During the first few days:
- Moderate levels of pain is normal and more noticeable when standing or walking. Painkillers provided will assist in bringing relief during this time.
- You may have drains placed under the skin to help remove any build up of fluid. These are either removed before you leave the hospital or you may be discharged home and return later to have them removed.
During the first week:
- It is normal for your abdominal muscles to feel tight and firm to touch. When lying in bed, keeping the knees bent with two pillows behind them will help reduce the tension and make you feel more comfortable.
- It is important to remain bent when you walk so as to reduce tension on the incision.
2-6 weeks after surgery:
- To assist with the swelling, a surgical corset will be worn for the first 4-6 weeks after surgery, and any non-dissolvable stitches will be removed after a week.
- Dissolvable stitches will disappear on their own.
- Your scars will initially be firm and pink for at least 6 weeks. The process of scar fading can take up to 12-18 months however they will not fade entirely. Using surgical tape over the incision for 4-6 weeks, and topical vitamin E and/or silicon afterwards may assist in healing the scar.
- Abdominoplasty is a major operation therefore at least 2 weeks off work to recover is needed.
- Have someone help you at home as it is advised you do not drive for 2 weeks.
- Walking is helpful at 3-4 weeks, however sport should be avoided for 4-6 weeks after surgery.
- Heavy lifting is also to be avoided for 6 weeks.
What are the risks and complications with this procedure?
All surgeries come with risks that are important to understand so you make a well-informed decision.
- Excessive internal bleeding occasionally occurs and may require removing some stitches to wash out the accumulated blood beneath the skin.

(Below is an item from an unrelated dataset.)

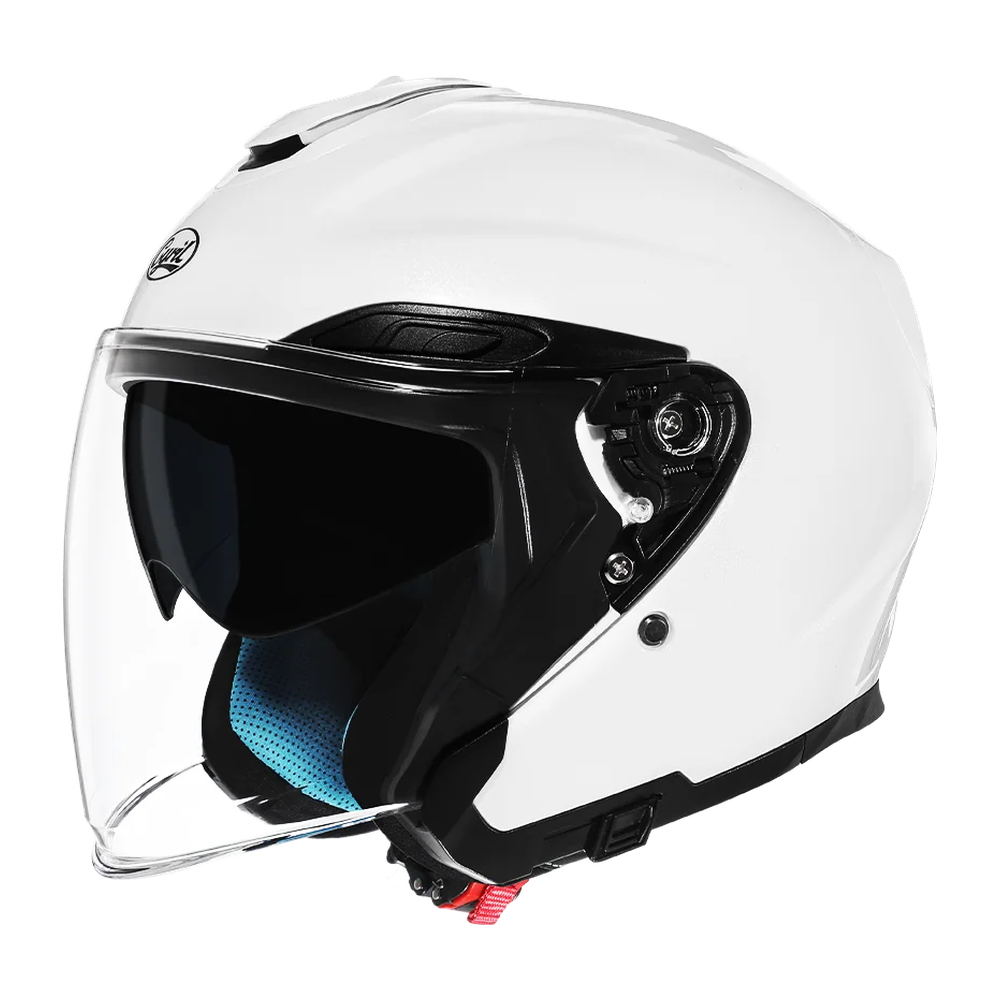 CYRIL R18 White Gloss Dual Visor Open Face Helmet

- Seroma formation – a build up of excess body fluid is uncommon and will often disappear over a few weeks. In rare cases, larger seromas may require removal via needle aspiration or a small surgical procedure.
- Infection – careful technique and antibiotic use help to minimize risk.
- Deep Vein Thrombosis – blood clots in the leg can occasionally occur. A calf massaging device is provided during surgery and overnight which minimizes risk. Patients taking the oral contraceptive pill are advised to stop one cycle before surgery.
- Keloid or unsightly thick scars – occur in certain individuals who have a tendency to form poor scars.